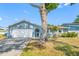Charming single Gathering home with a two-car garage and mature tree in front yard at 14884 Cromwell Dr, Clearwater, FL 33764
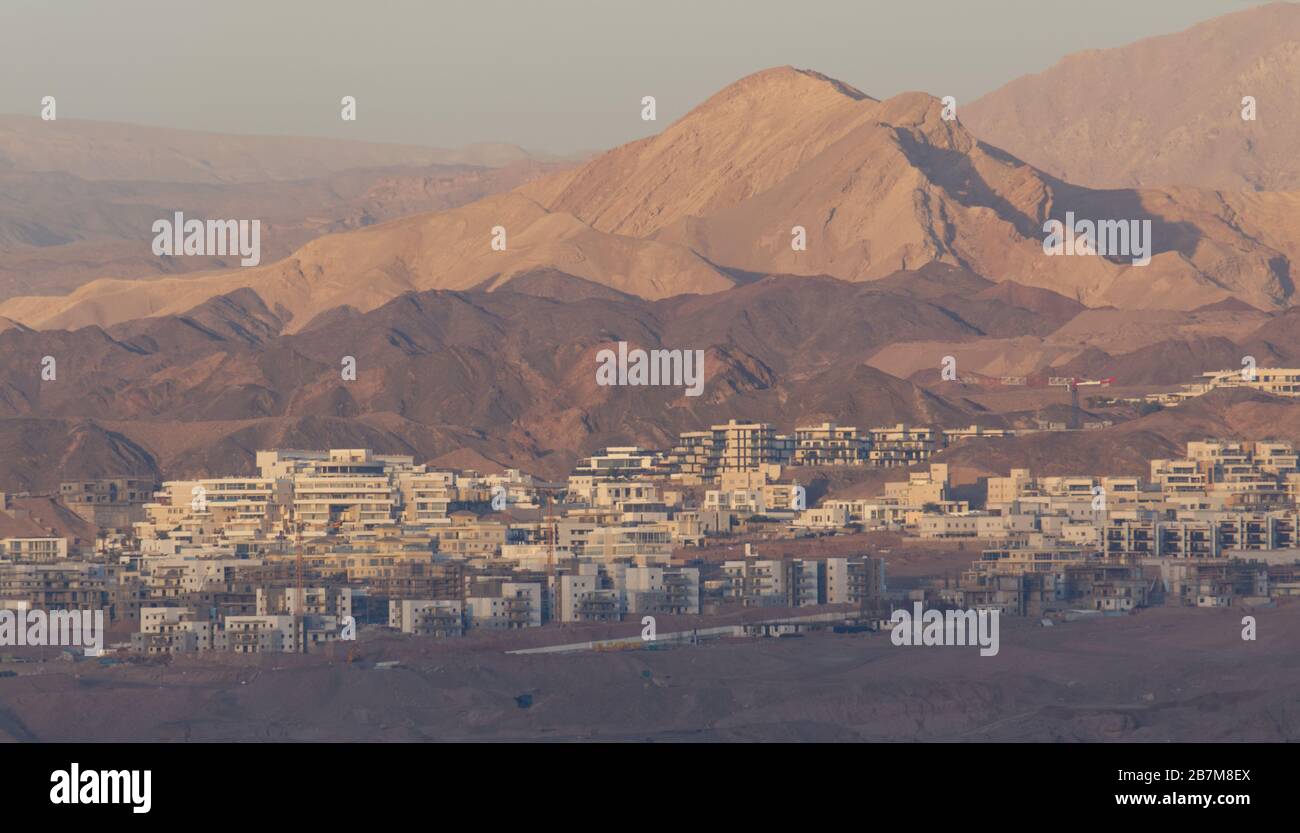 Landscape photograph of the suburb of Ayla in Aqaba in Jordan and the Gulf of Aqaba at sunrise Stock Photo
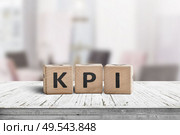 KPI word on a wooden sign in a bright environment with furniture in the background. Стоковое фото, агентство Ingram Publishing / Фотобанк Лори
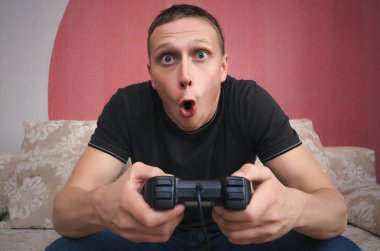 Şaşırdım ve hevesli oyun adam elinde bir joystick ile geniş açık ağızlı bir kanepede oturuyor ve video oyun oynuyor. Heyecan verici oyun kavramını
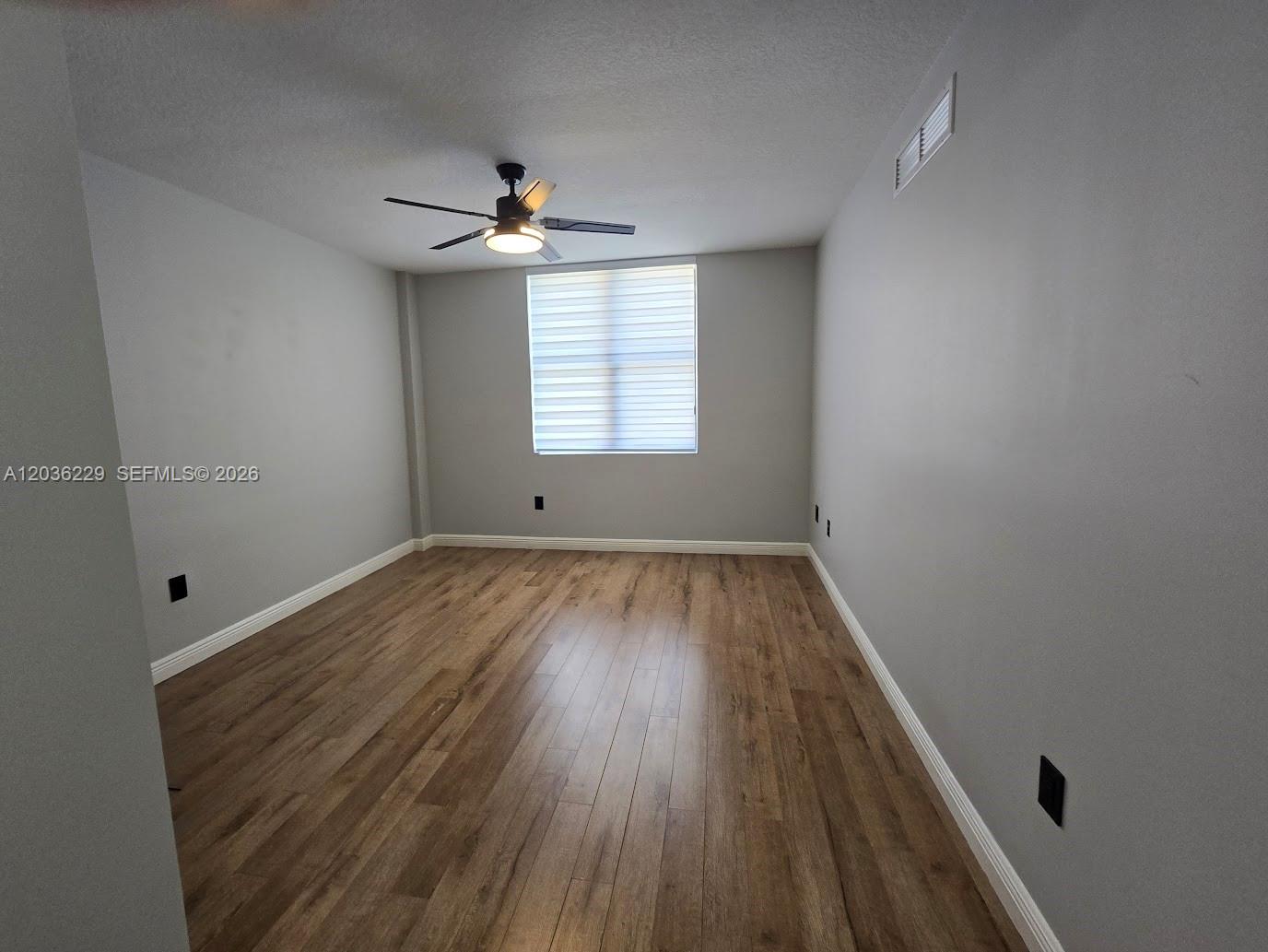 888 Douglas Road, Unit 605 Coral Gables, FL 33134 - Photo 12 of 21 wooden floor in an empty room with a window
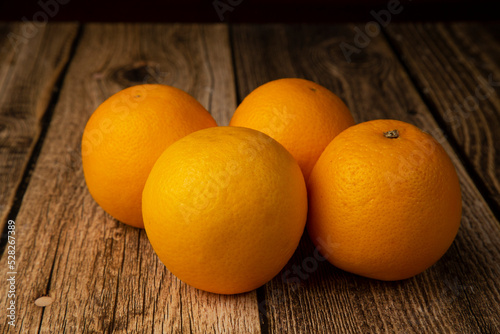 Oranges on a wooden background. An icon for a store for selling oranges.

● To do:
Starting with the line that has "KPI word on" and ending with the last line of the records, retype every line exactly and only those lines. Do not include the pictures.

● Response to the task:
 KPI word on a wooden sign in a bright environment with furniture in the background. Стоковое фото, агентство Ingram Publishing / Фотобанк Лори
 Şaşırdım ve hevesli oyun adam elinde bir joystick ile geniş açık ağızlı bir kanepede oturuyor ve video oyun oynuyor. Heyecan verici oyun kavramını
 888 Douglas Road, Unit 605 Coral Gables, FL 33134 - Photo 12 of 21 wooden floor in an empty room with a window
 Oranges on a wooden background. An icon for a store for selling oranges.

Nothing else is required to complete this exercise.